- Supplied records:

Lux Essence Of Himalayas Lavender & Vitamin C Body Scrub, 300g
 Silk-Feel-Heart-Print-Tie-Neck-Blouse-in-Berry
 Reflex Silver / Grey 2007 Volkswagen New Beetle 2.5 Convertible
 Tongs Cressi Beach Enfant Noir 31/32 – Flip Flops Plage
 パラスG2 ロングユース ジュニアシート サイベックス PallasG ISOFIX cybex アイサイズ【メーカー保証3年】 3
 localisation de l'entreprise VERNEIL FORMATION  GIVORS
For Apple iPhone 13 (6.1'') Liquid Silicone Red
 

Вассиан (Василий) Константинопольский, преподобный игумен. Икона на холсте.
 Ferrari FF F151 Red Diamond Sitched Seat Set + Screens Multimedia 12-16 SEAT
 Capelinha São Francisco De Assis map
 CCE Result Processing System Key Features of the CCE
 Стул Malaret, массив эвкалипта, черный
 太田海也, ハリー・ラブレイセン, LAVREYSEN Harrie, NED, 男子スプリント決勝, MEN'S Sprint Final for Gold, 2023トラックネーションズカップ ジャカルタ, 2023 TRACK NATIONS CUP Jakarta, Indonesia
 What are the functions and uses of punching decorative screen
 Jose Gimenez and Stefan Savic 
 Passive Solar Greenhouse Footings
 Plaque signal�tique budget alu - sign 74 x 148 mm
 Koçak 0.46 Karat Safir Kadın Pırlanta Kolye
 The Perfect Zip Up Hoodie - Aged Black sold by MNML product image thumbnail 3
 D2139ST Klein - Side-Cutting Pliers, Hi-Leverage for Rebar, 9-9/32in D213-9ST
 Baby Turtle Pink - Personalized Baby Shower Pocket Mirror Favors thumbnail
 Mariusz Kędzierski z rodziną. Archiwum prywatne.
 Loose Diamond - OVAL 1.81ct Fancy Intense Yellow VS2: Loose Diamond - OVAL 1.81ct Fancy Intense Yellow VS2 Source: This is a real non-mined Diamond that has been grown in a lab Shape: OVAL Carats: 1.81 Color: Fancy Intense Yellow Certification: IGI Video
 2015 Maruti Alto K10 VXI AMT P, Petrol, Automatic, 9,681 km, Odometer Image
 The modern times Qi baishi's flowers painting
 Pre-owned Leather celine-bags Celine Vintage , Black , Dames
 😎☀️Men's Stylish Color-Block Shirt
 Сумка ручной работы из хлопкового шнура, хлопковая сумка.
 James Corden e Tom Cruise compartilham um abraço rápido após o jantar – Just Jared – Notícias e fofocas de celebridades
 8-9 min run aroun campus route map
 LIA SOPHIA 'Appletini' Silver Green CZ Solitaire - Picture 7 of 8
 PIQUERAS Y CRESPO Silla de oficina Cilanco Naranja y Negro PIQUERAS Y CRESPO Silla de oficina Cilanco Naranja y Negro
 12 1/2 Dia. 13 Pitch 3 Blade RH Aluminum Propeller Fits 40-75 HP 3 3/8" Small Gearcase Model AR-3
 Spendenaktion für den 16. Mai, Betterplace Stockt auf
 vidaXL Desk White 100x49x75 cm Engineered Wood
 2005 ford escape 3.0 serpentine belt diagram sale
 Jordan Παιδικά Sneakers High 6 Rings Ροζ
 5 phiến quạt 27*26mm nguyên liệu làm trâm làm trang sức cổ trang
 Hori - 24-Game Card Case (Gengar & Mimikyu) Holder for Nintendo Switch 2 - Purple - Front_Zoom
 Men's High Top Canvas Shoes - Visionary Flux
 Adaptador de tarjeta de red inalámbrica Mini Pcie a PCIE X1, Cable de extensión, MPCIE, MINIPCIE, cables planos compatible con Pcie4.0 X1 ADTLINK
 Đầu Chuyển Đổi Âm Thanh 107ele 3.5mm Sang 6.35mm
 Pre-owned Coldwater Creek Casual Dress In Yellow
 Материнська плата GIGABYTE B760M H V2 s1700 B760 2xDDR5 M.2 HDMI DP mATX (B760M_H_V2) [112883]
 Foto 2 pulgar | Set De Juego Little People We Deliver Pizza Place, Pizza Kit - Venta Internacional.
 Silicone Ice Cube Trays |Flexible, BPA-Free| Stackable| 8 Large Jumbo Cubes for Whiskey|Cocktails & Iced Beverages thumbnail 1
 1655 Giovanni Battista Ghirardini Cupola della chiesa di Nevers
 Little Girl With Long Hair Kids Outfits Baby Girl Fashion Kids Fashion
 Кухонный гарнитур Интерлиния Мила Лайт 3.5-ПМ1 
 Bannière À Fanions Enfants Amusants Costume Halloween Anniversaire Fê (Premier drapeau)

- Aim of the task:
Copy every line in the entries above that has the string "owned" in it.

- Response area:
 Pre-owned Leather celine-bags Celine Vintage , Black , Dames
 Pre-owned Coldwater Creek Casual Dress In Yellow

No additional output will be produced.